_Exercise_
All pictures are to be dropped, and the remaining data set down exactly.

[Recorded information Boundary: Start]

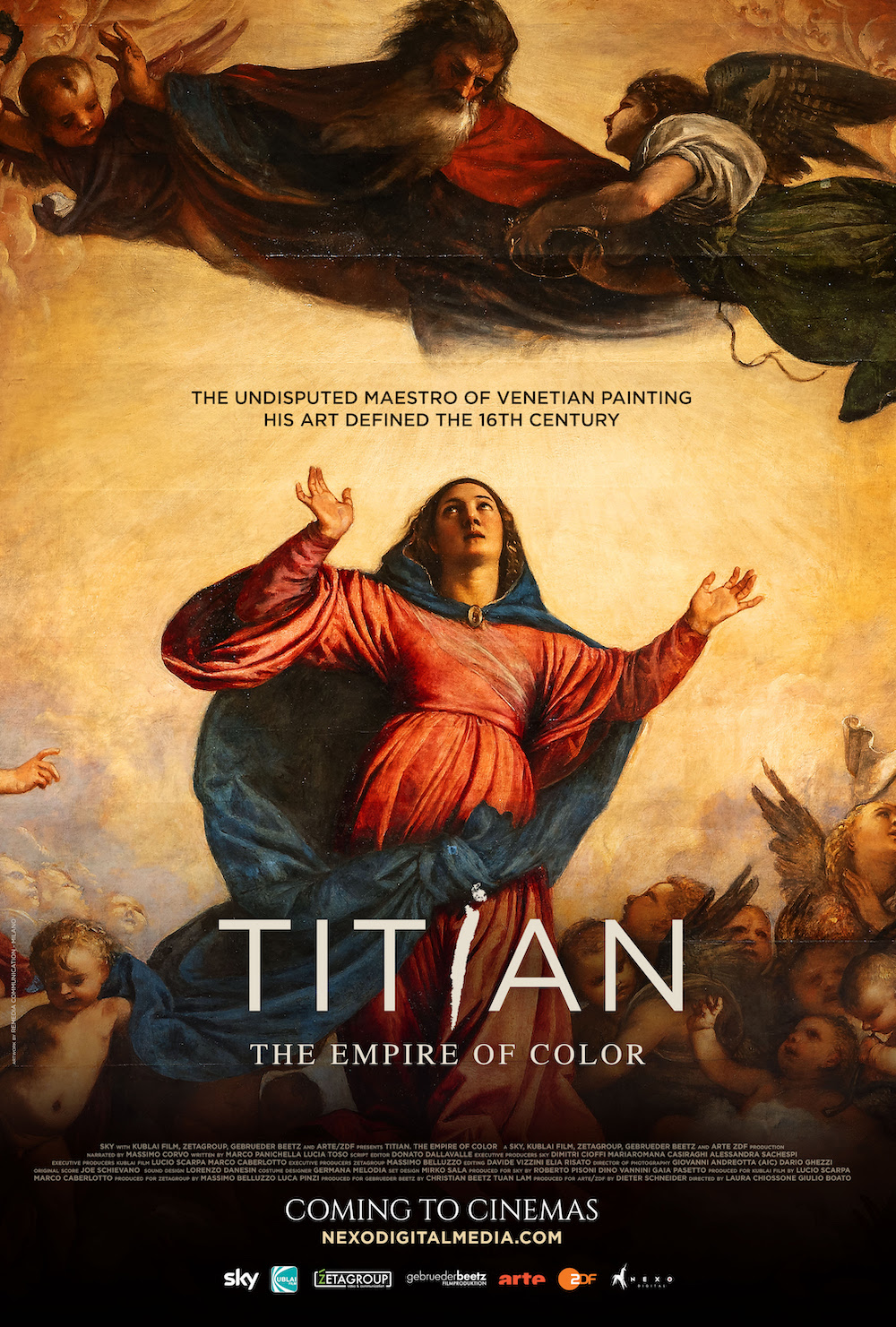 Titian: The Empire of Color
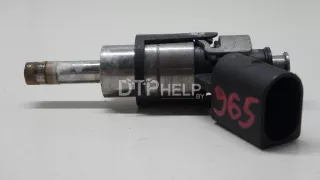 06F906036 Форсунка инжекторная электрическая Seat Leon 2 Арт AM70657241, вид 4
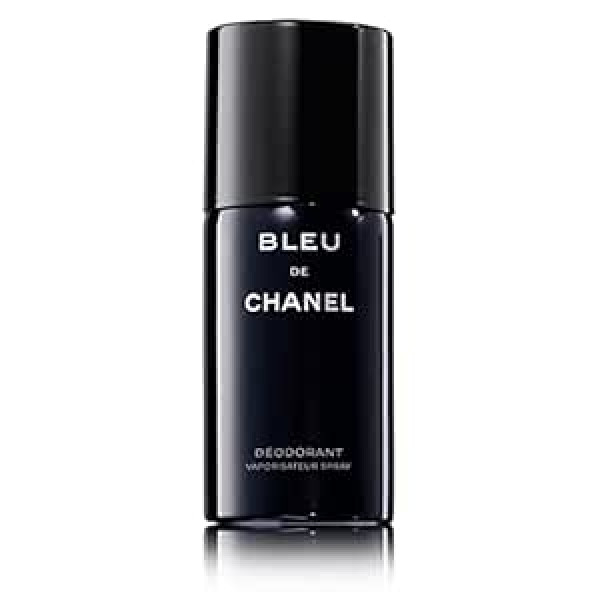 Chanel Bleu Dezodorants Spray vīriešiem, 100 ml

[Recorded information Boundary: End]

_Output_
 Titian: The Empire of Color
 06F906036 Форсунка инжекторная электрическая Seat Leon 2 Арт AM70657241, вид 4
 Chanel Bleu Dezodorants Spray vīriešiem, 100 ml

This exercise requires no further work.